There are six models in this application: Limit, Plan, PlanLimit, Customer, StripeSubscription, and StripeEvent. We'll focus on the first five, as StripeSubscription is supposed to be a faithful representation of a Subscription on Stripe, and StripeEvent is for webhook processing.

Limit, Plan, and PlanLimit Models

The Limit model defines the specific features of your application that are regulated by billing. For example, if you can send emails via your application, you might have a Limit named Max Emails to limit how many emails a user can send.

There are 1 or more Plans that have a many-to-many relationship with Limit through the PlanLimit model. It's through those relationships you set the limits for the various plans. For example, if you have a free plan that can send 1 email per day and paid plan that can send 5 emails per day, each of those plans would have a M2M relationship with the Limit named Max Emails. In the through model, PlanLimit you set the value of the Limit for that Plan in an InlineAdmin.

So far, so good. But what if your Plan forgets to set one of the Limits? What's the value of the Limit for that Plan? For that reason, each Limit also defines a default value that is used if a Plan hasn't set that particular Limit.

Plans can be one of four types: free_default, free_private, paid_public, paid_private.

  • There must at all times be exactly one free_default Plan. This is the plan that a user defaults to when they create an account. Or if their credit card doesn't go through. It's the 'fallback' plan when no other plan has been selected. If you have a free tier, it would be sensible to configure it as this plan. This plan must be free and does not interface with Stripe.
  • A free_private plan is a plan that you can assign staff to have free access at a paid level or with some higher than normal limits.
  • A paid_public plan must have a corresponding price_id in Stripe.
  • A paid_private plan must have a corresponding price_id in Stripe.

free_default versus Limit defaults. A source of confusion can be what is the difference between the limit values configured in the free_default Plan and the defaults set on the Limit instances themselves? The Limit defaults attach when any Plan does not define a value for that particular Limit. There has to be some value for a Limit in, say, a paid Plan even when that Plan does not specifically define the Limit.

The free_default Plan is simply another Plan that may or may not define Limits. If it does not, then functionally there is no difference between the two since the plan will fall back to the defaults set on the Limits. If it does specifically define values for Limits, those values as defined become what a user falls back to when their credit card expires or they cancel their paid subscription.
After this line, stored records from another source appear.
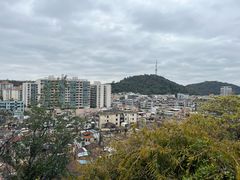 -佛山华盖山公园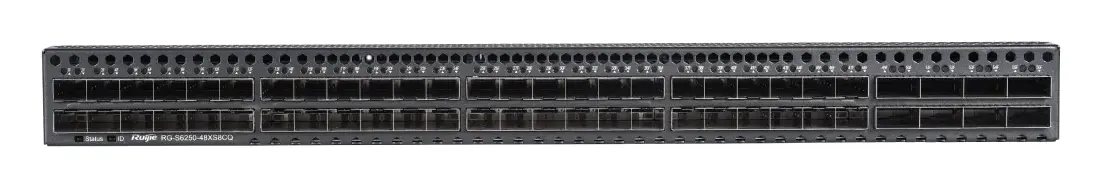 Ruijie RG-S6250-48XS8CQ 48 Port 10G SFP+ 8×100G QSFP28 Veri Merkezi Switch görsel 6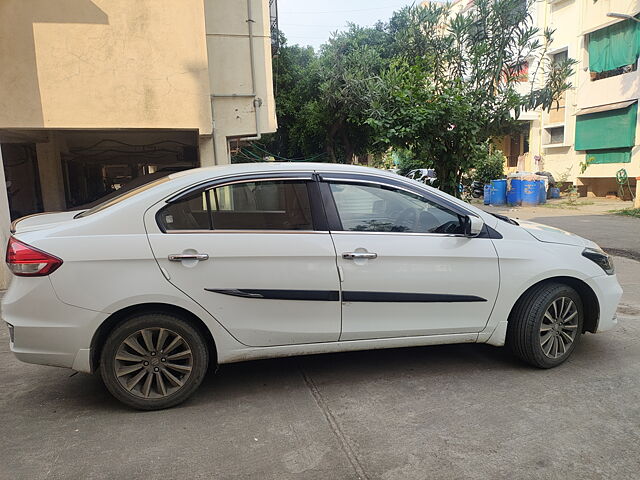 Used Maruti Suzuki Ciaz Alpha 1.5 [2020-2023] in Aurangabad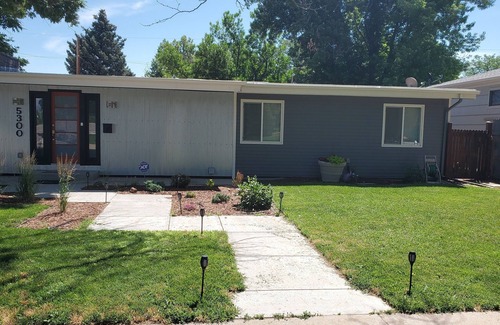 Englewood House | Beautiful Large Private Downstairs Area-Great Location-8 guests stay comfortably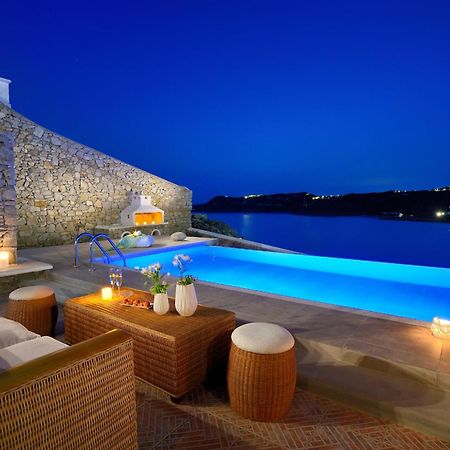 Luxurious Villa Ostria Elia  Zewnętrze zdjęcie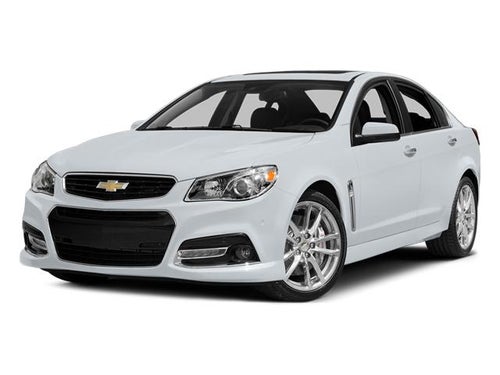 2014 Chevrolet SS 4dr Sdn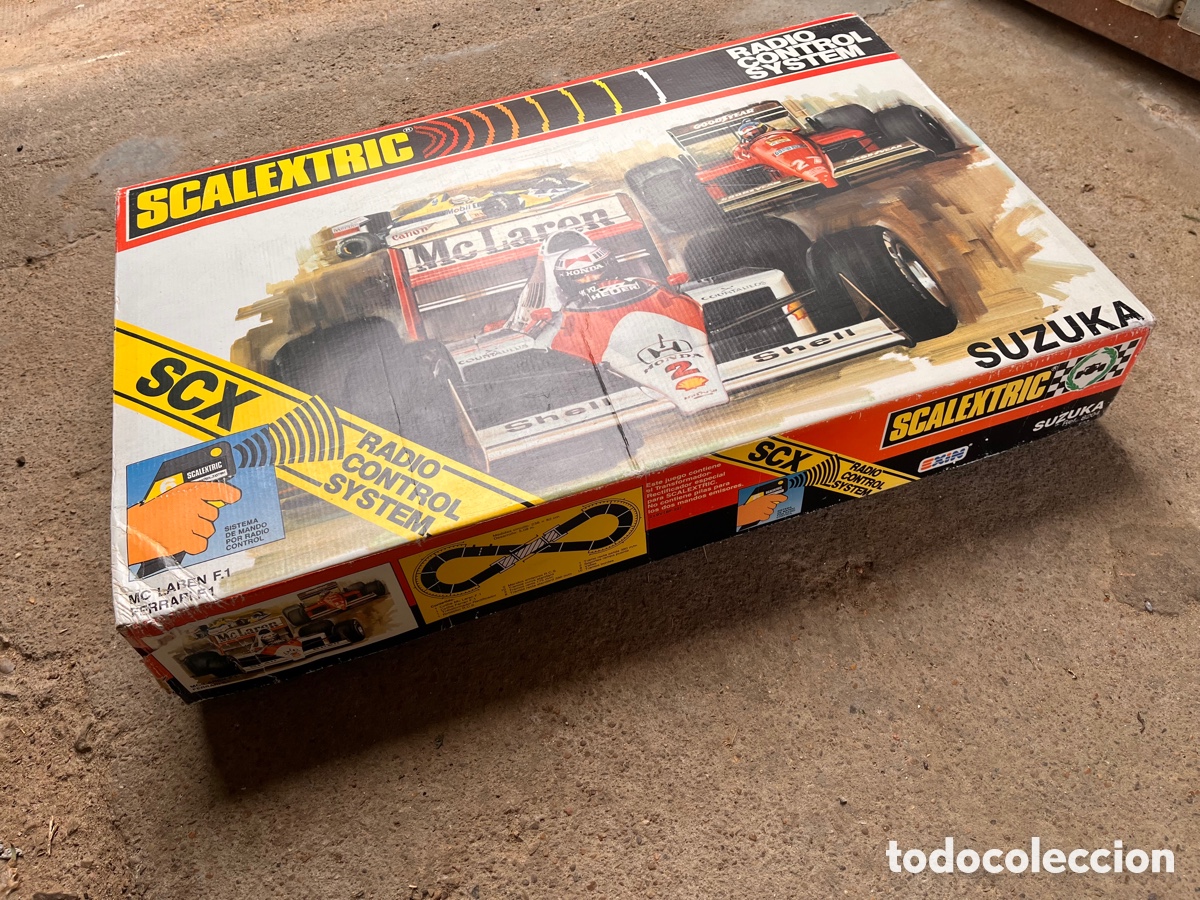 Scalextric: Scalextric Exin - Foto 2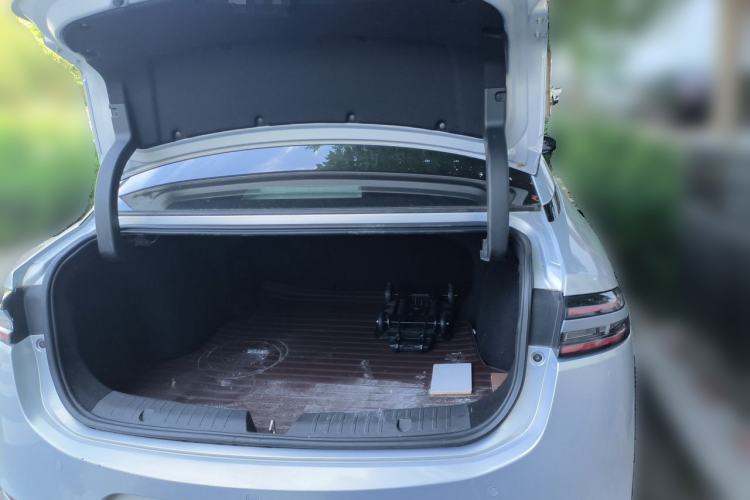 Used AION S Plus 2021 80 Ultra-Long Range Edition Trunk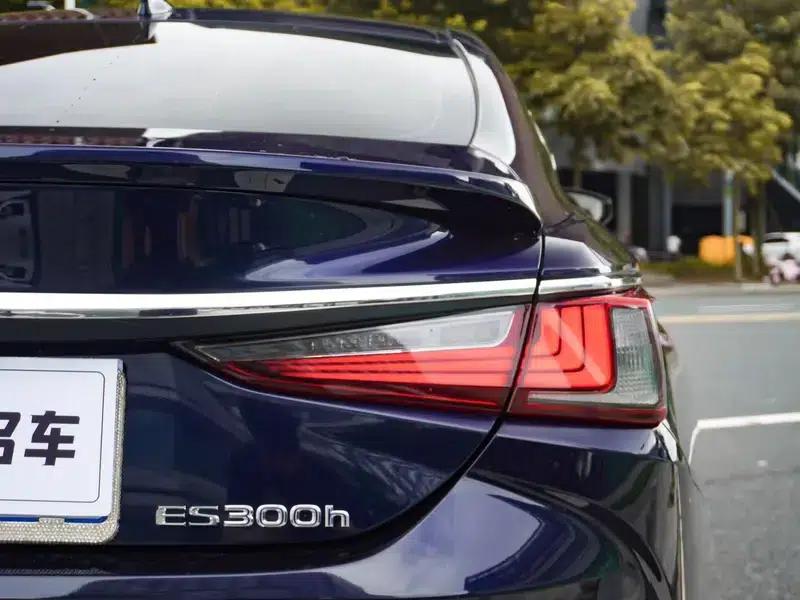 Lexus ES 2020 300h Premium Edition (China V Emission Standard) — миниатюра 7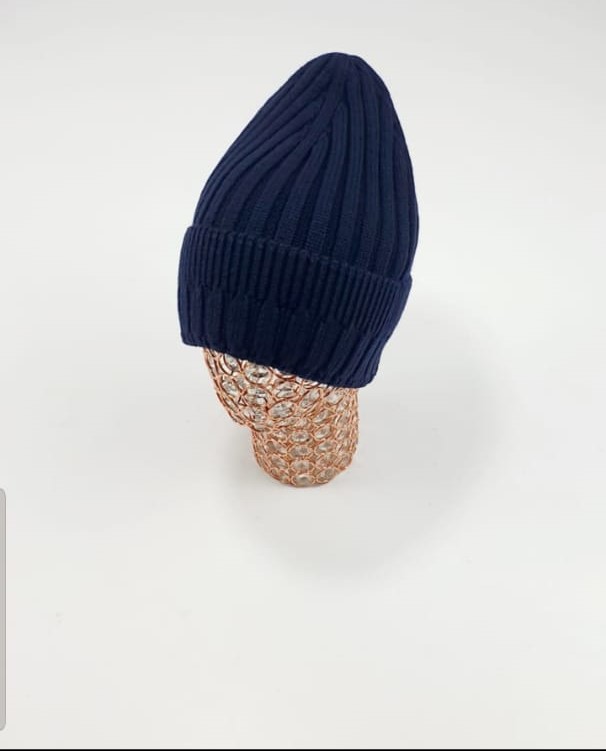 Шапка Март Дара (т.синий)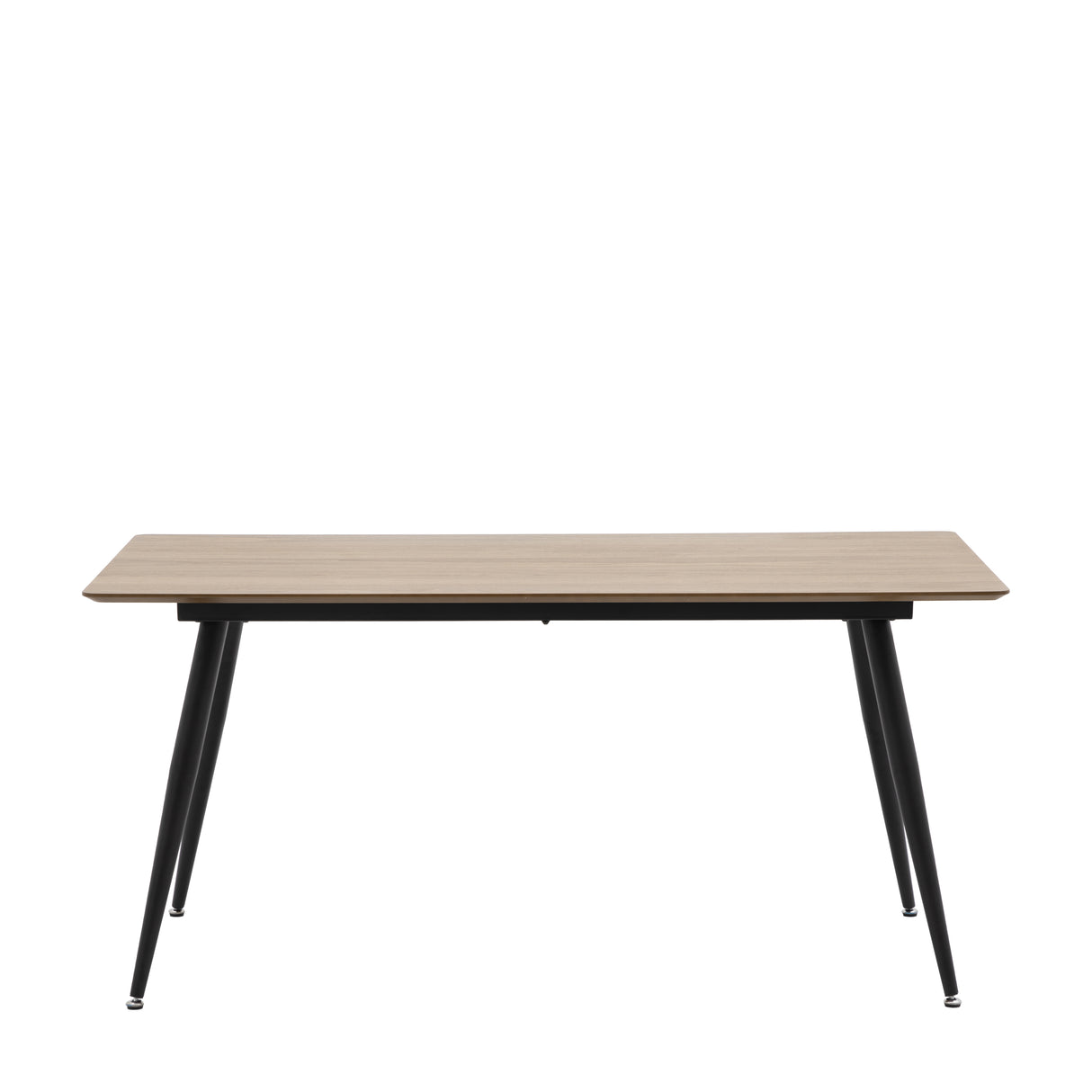 Amos Astley Dining Table Oak  –  from Amos Lighting + Home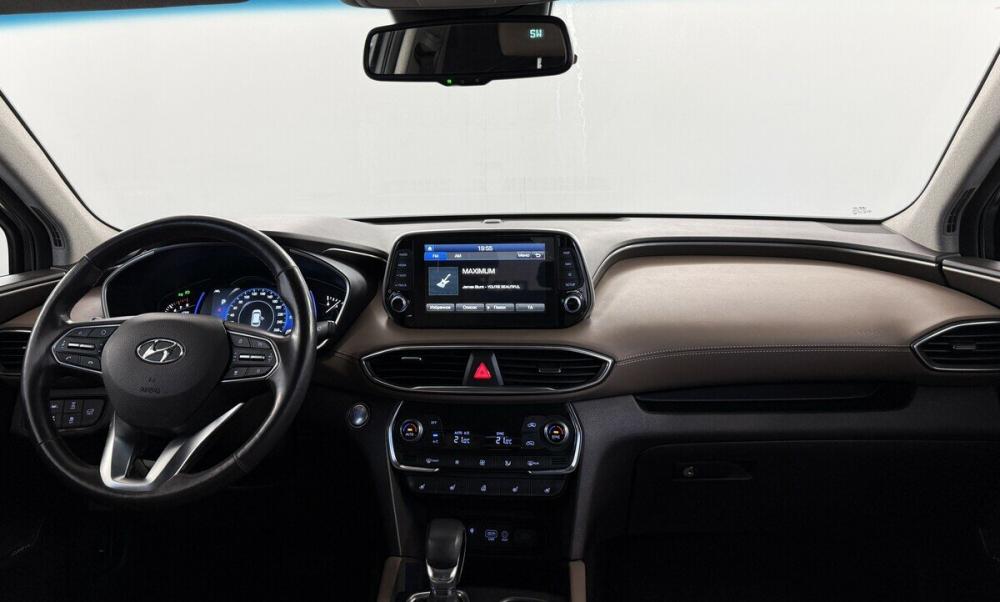 Hyundai Santa Fe IV Москва  - изображение 5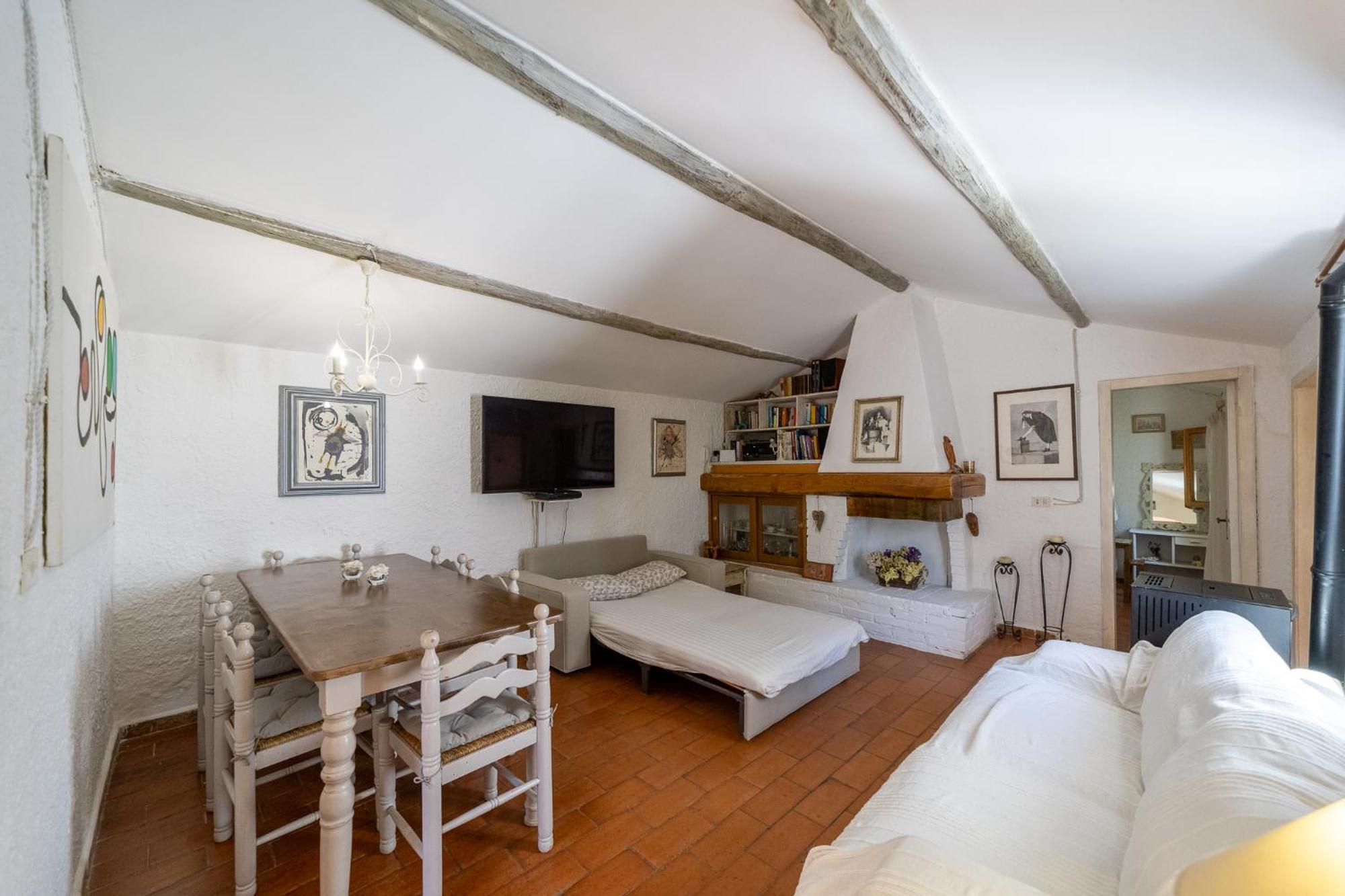 Cottage Pura Vigna Immerso Nella Natura Vicino Al Mare ปอร์โต ซานโต สเตฟาโน ภายนอก รูปภาพ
Practically speaking, the real reason Limits have defaults is because there is no simple way to enforce that a Plan will have a many-to-many relationship with every single Limit defined in the database. If we could enforce that easily, there would be no need for defaults on the Limit instances themsleves.

There must always be one and only one free_default Plan. It's created in a data migration and this condition is enforced via a database constraint.

A paid_public plan is subscribable by all users.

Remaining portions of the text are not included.